二 運転者席以外の座席の数以上の数の者を乗車させるため乗車させる幼児の数に等しい数の幼児用補助装置のすべてを固定して用いることができない場合において、当該固定して用いることができない幼児用補助装置の数の幼児を乗車させるとき(法第五十七条第一項本文の規定による乗車人員の制限を超えない場合に限る。)。
三 負傷又は障害のため幼児用補助装置を使用させることが療養上又は健康保持上適当でない幼児を乗車させるとき。
四 著しく肥満していることその他の身体の状態により適切に幼児用補助装置を使用させることができない幼児を乗車させるとき。
五 運転者以外の者が授乳その他の日常生活上の世話(幼児用補助装置を使用させたままでは行うことができないものに限る。)を行つている幼児を乗車させるとき。
六 道路運送法第三条第一号に掲げる一般旅客自動車運送事業の用に供される自動車の運転者が当該事業に係る旅客である幼児を乗車させるとき。
七 道路運送法第七十八条第二号又は第三号に掲げる場合に該当して人の運送の用に供される自動車(特定の者の需要に応じて運送の用に供されるものを除く。)の運転者が当該運送のため幼児を乗車させるとき。
八 応急の救護のため医療機関、官公署その他の場所へ緊急に搬送する必要がある幼児を当該搬送のため乗車させるとき。
チャイルドシートの安全基準
チャイルドシートは、法律上は「年少者用補助乗車装置」と呼ばれ、以下の通り、「道路運送車両の保安基準」で安全基準が決められています。
年少者用補助乗車装置の構造、操作性能等に関し保安基準第22条の5第3項の告示で定 める基準は、協定規則第129号の技術的な要件(同規則第3改訂版補足第4改訂版の規則4.、 6.及び7.に限る。第110条において同じ。)に定める基準とする。
道路運送車両の保安基準の細目を定める告示【2020.12.25】 第32条(年少者用補助乗車装置等)
「協定規則第129号」とは、国連欧州経済委員会(UNECE)で策定された規則129号(UN Regulation No. 129)のことを指していて、原文はUNECEのサイトに記載があります。

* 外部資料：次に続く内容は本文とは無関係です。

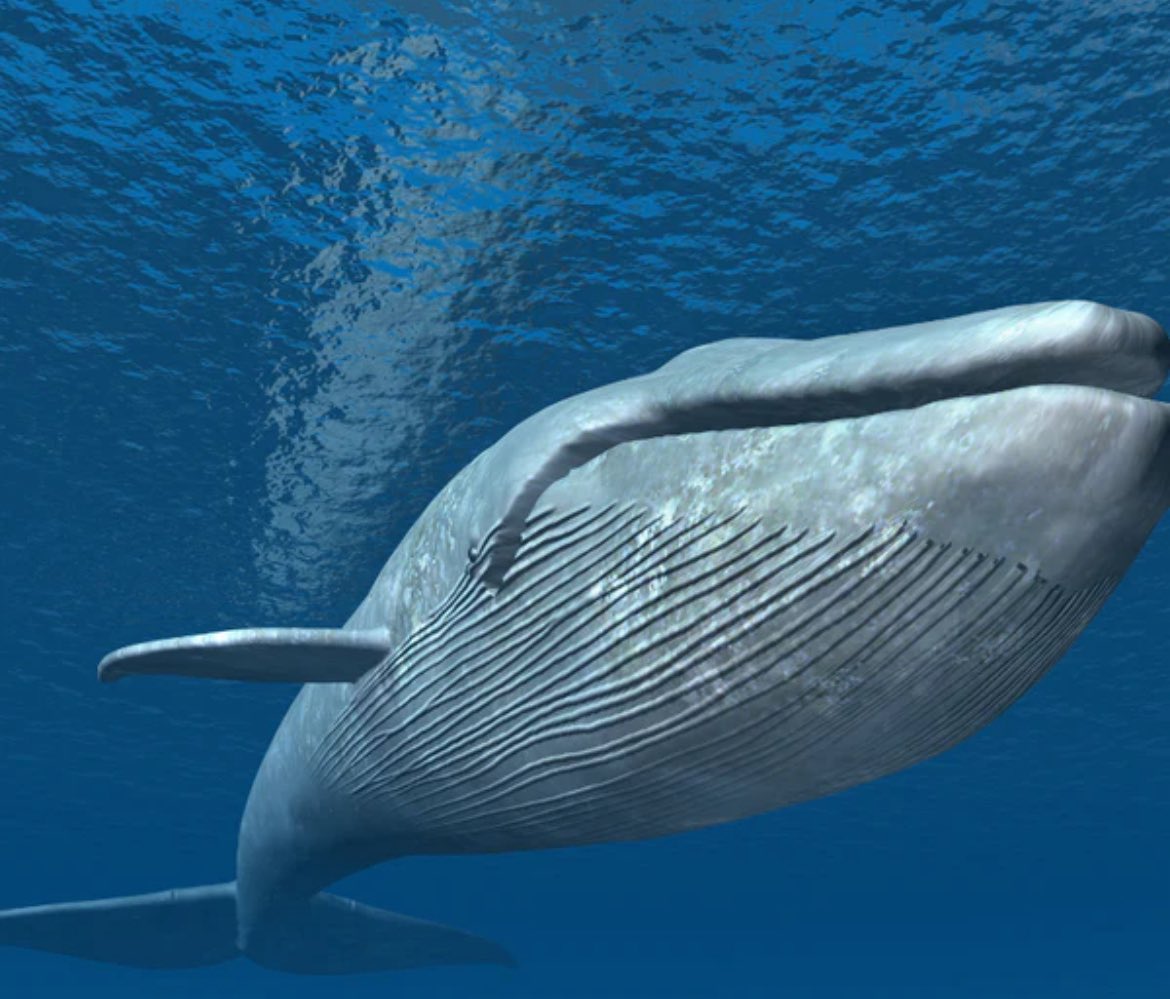 A blue whale’s heart weighs over 400 lbs, about 1,000x a human’s. But its cardiomyocytes are only ~2–4x bigger. Nature scales organs not by supersizing cells, but by using more of them. Structure follows function, not size. 🐋❤️ #cardiomyocytes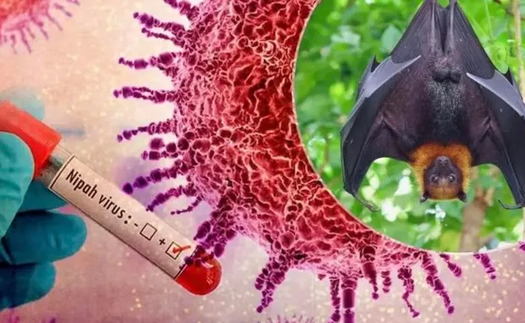 Philippines cảnh báo người dân về virus Nipah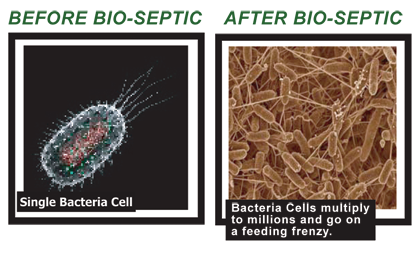bacteria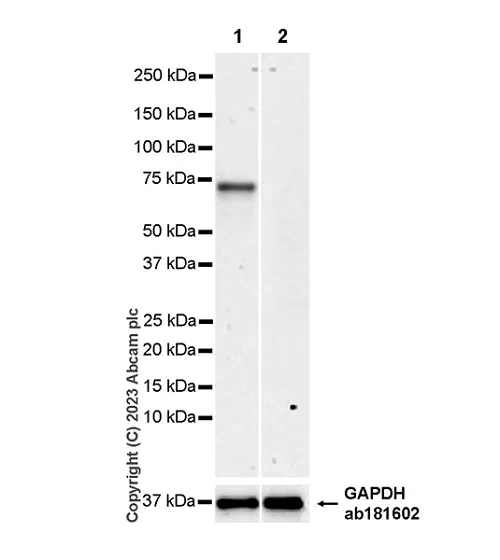 Western blot - Anti-Arx antibody [EPR27481-32] - BSA and Azide free (AB308261)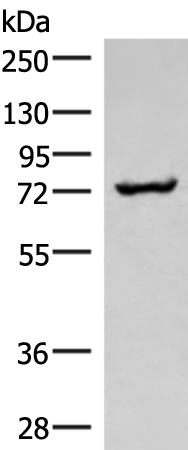 Rabbit Polyclonal Antibody to PRKAG2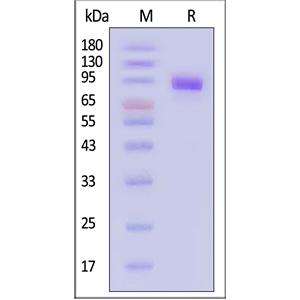 Human ErbB3 / Her3 Protein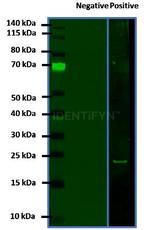 Human IgG, (H+L) SRM Secondary Antibody in Western Blot (WB)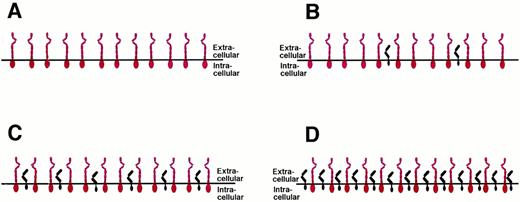 Fig. 9. Cellular responsiveness to IL-6 or IL-6/soluble IL-6R is determined by the expression levels of IL-6R. The number of the ubiquitously expressed gp130 protein (red) is believed to be rather constant on all cells of the organism. The number of the IL-6R molecules (black) varies on different cell types. See text for explanations.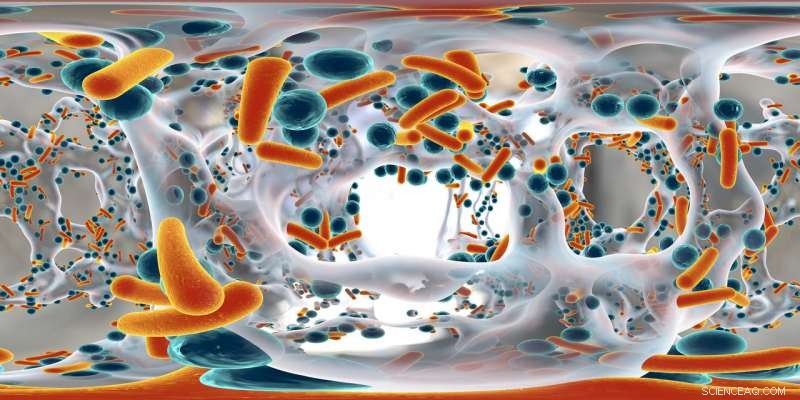 Scientists Battle Biofilm Infections: New Strategies Against Resistant Bacteria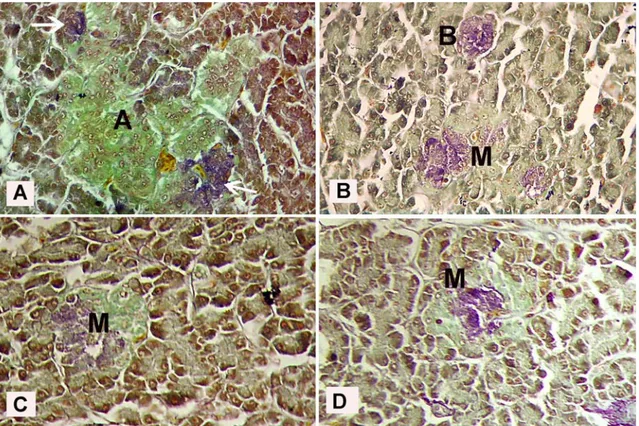 Figure 4. Identification of endocrine islets in falcons by histochemistry. Alpha islet (A), beta islet (B), mixed islet (M), beta cells in  alpha islet (arrows)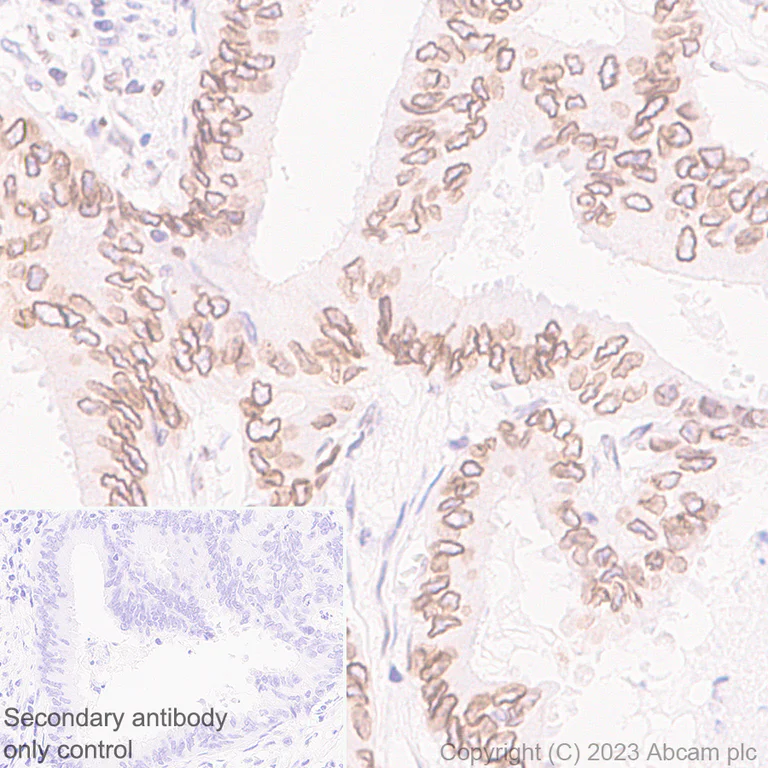 Immunohistochemistry (Formalin/PFA-fixed paraffin-embedded sections) - Anti-Nesprin 2 antibody [EPR28137-54] - BSA and Azide free (AB314873)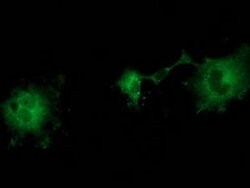 ZFP36 Monoclonal Antibody (OTI1H6), TrueMAB , OriGene 100 &mu;L; Unconjugated:Antibodies,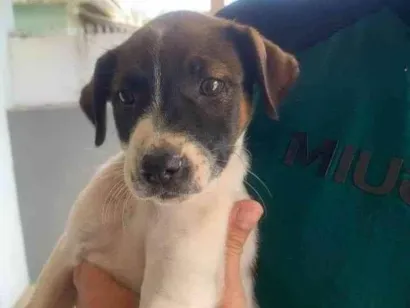 Cachorro raça SRD-ViraLata idade 2 a 6 meses nome Gigi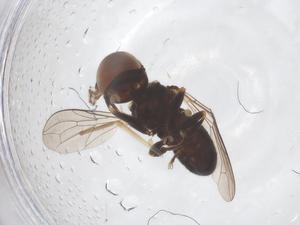  ( - BIOUG09942-F04)  @11 [ ] CreativeCommons - Attribution Share - Alike (2025) Centre for Biodiversity Genomics Centre for Biodiversity Genomics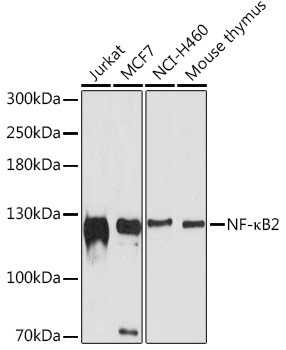 NFkB p52 Antibody in Western Blot (WB)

日本語訳は国交省のサイトに記載があります。
本サイトでは、以下、UN Regulation No. 44を「R44」、UN Regulation No. 129を「R129」と略します。
旧基準(R44)と新基準(R129)が共存していますが、国内では、保安基準の改正により、今後はR129に準拠することが求められているようです。
UN Regulation No. 129は通称「i-Size規則」と呼ばれています。
安全基準に適合したチャイルドシートはEマークがついている
R44のEマーク
R44のチャイルドシートには以下のようなEマークが表示されています。
R44では以下のように体重によってチャイルドシートを区分していました。
グループ | 体重 |
---|---|
0 | 10kg未満 |
0+ | 13kg未満 |
I | 9-18kgまで |
II | 15kg-25kgまで |
III | 22kg-36kgまで |
R129のEマーク
R129では身長によって区分し、さらに使用可能な最大体重を表記するように変更されています。R129で認可されたチャイルドシートには以下のようなEマークが貼付されていて、そこに身長の範囲と体重が表記されていますので、ご購入された際は確認するようにしましょう。
上のEマークの例では、
- アイサイズ汎用
- 身長40−70cm、体重24kg以下の子供が使用可能
- 認可した国識別番号は「1」(ドイツ)
- 認可番号は「018091」(最初の2桁は改訂番号)
- R129/01(R129の改訂1版)で認可されている
であることを表しています。
ちなみに、Eの右下の数字(1958 年協定締約国の識別番号)は現時点(2021年)では以下のような対応になります。
- ドイツ
- フランス
- イタリア
- オランダ
- スウェーデン
- ベルギー
- ハンガリー
- チェコ
- スペイン
- セルビア
- 英国
- オーストリア
- ルクセンブルク
- スイス
- (空白)
- ノルウェイ
- フィンランド
- デンマーク
- ルーマニア
- ポーランド
- ポルトガル
- ロシア連邦
- ギリシャ
- アイルランド
- クロアチア
- スロベニア
- スロバキア
- ベラルーシ
- エストニア
- (空き)
- ボスニア・ヘルツェゴヴィナ
- ラトビア
- (空き)
- ブルガリア
- カザフスタン
- リトアニア
- トルコ
- (空白)
- アゼルバイジャン
- マケドニア旧ユーゴスラビア
- (空白)
- 欧州連合(承認は加盟国がそれぞれのECEシンボルで付与)
- 日本
- (空白)
- オーストラリア
- ウクライナ
- 南アフリカ
- ニュージーランド
- キプロス
- マルタ
- 韓国
- マレーシア
- タイ
- アルバニア
- (空き)
- モンテネグロ
- サンマリノ
- チュニジア
- グルジア
- エジプト
おすすめのチャイルドシートの選び方
1つのチャイルドシートで0ヶ月から12歳まで使用できるものはあまりなさそうですので、まずは交換タイミングを決めましょう。
日本の法律では6歳未満の子供はチャイルドシートの使用が義務付けられていますが、身長が150cmになるまではシートベルトが安全に使用できないため、お子さんの身長が150cmに達する12歳頃までチャイルドシートやジュニアシートを使用する必要があります。
チャイルドシート交換のパターンは以下の3パターンに分けられるかと思います。
- ①新生児用、②幼児〜学童用の計2台
- ①新生児〜幼児用、②学童用の計2台
- ①新生児用、②幼児用、③学童用の計3台
どこまでコストをかけるか、安全性をどこまで重視するか、親戚・知り合いからお下がりで入手できそう、などケースバイケースで最適なパターンを選択しましょう。
国交省が自動車アセスメント事業を実施していて、市販のチャイルドシートについて前面衝突試験と使用性について評価試験を行い、その結果を安全性能評価として公表していますので、チャイルドシート選びの参考になります。